NHK大河ドラマ「鎌倉殿の13人」後半で、北条義時(小栗旬)ら鎌倉勢の強敵となるのが、後鳥羽上皇(尾上松也)だ。思えば、この上皇も波乱の人生をたどったといえる。
高倉天皇の第4皇子として生まれ、寿永2(1183)年、平氏が三種の神器を持ち出して安徳天皇とともに都落ちしたため、神器のないまま即位。当初は祖父の後白河法皇(西田敏行)が院政を行い、建久3(1192)年、法皇没後も九条兼家や源通親らに実権を握られた。
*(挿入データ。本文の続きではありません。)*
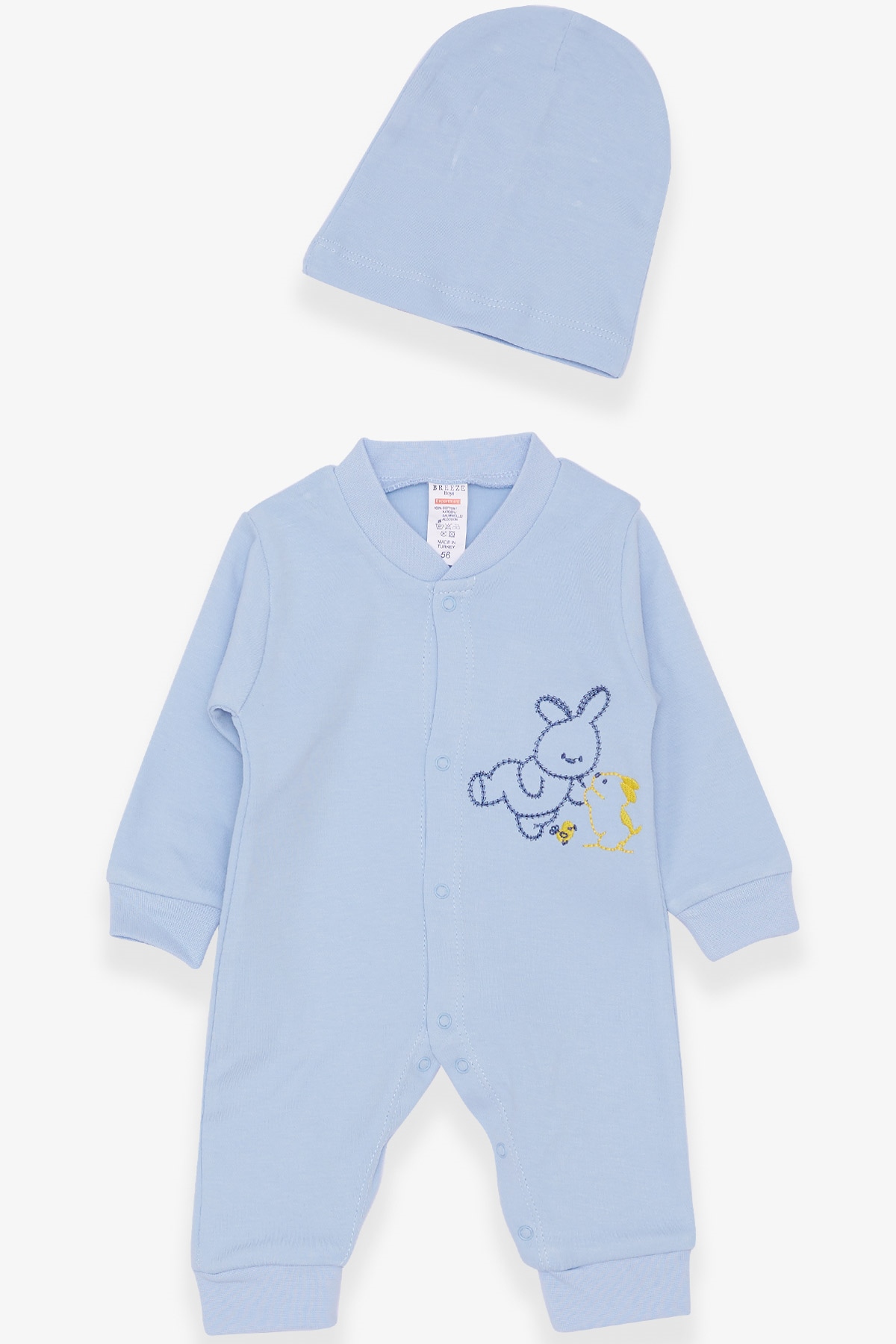 Breeze Erkek Bebek Tulum Tavşan Nakışlı Açık Mavi (0-3 Ay-6 Ay)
そこで18歳のときに土御門天皇に譲位して院政を開始。通親の死後、独裁を始めた。多数の荘園からの財力で鳥羽や宇治に離宮を造営、熊野に28回も参詣するなど権威をアピール。歌人としても優れた文武両道の人物だった。
3代将軍の源実朝(柿澤勇人)は和歌に傾倒。妻も後鳥羽上皇に縁のある娘で、上皇はじわじわと鎌倉に影響力を及ぼす。この辺りはさすが「日本一の大天狗」といわれた策謀家、後白河法皇の孫という感じだが、実朝は跡取りのないままに鶴岡八幡宮で暗殺されてしまう。
その後、かねての約束通り、皇子を将軍に迎えたいと鎌倉から要請されると、上皇は拒否。承久3(1221)年、ついに幕府打倒を目指して挙兵する。